Topics of Software Engineering Course Blog

Tuesday, September 22, 2009

Guardian: A fault-tolerant operating system environment

This weeks chapter from Beautiful Architecture for cs527 was on the Guardian operating system and the T/16 machine. Both the operating system and the machine was engineered for reliability trading most other quality attributes for this. The core idea was that everything should be duplicated in case one goes down. The T/16 machines had at least two processors, two busses, (often) two disks, etc.

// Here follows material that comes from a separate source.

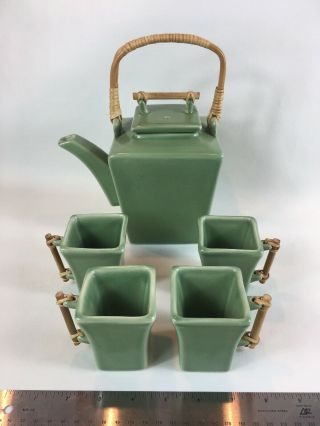 Vintage Chinese Jade Green Pottery Tea Set With Bamboo Handles By Joyce Chen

Each process would be duplicated on two processors. On one processor it would be active and on the other it would be passive waiting for the first one to die or give up control. In the reliability world there are basically three ways to recover in the face of failure namely job replication, checkpointing or to attempt to repair the state of the execution. The last one is the least general (but the most used) and must be custom-fit to each problem for example by using exceptions. For the Guardian operating system they chose to do application-controlled checkpointing to allow for recovery. As such each program would be responsible for checkpointing its state at various intervals and if a processor goes down the other one would start from the last checkpoint. The biggest risk with this approach is if an application fails to checkpoint after an externally visible operation (giving the ATM customer money...). If this were to happen the operation would be performed again by the other processor. And what if a processor fails between a request for an IO operation and the point where data is checkpointed?

When reading the chapter I was thinking that the architecture presented was a long string of peculiarities and ad-hoc addons that had been necessary over the decades and not a beautiful system with high conceptual integrity. However, when writing this post it occurs to me that its beauty lies in the way every aspect of it and every decision made enforces its reliability. It is obvious that the architects really had duplicity in their blood as the author points out.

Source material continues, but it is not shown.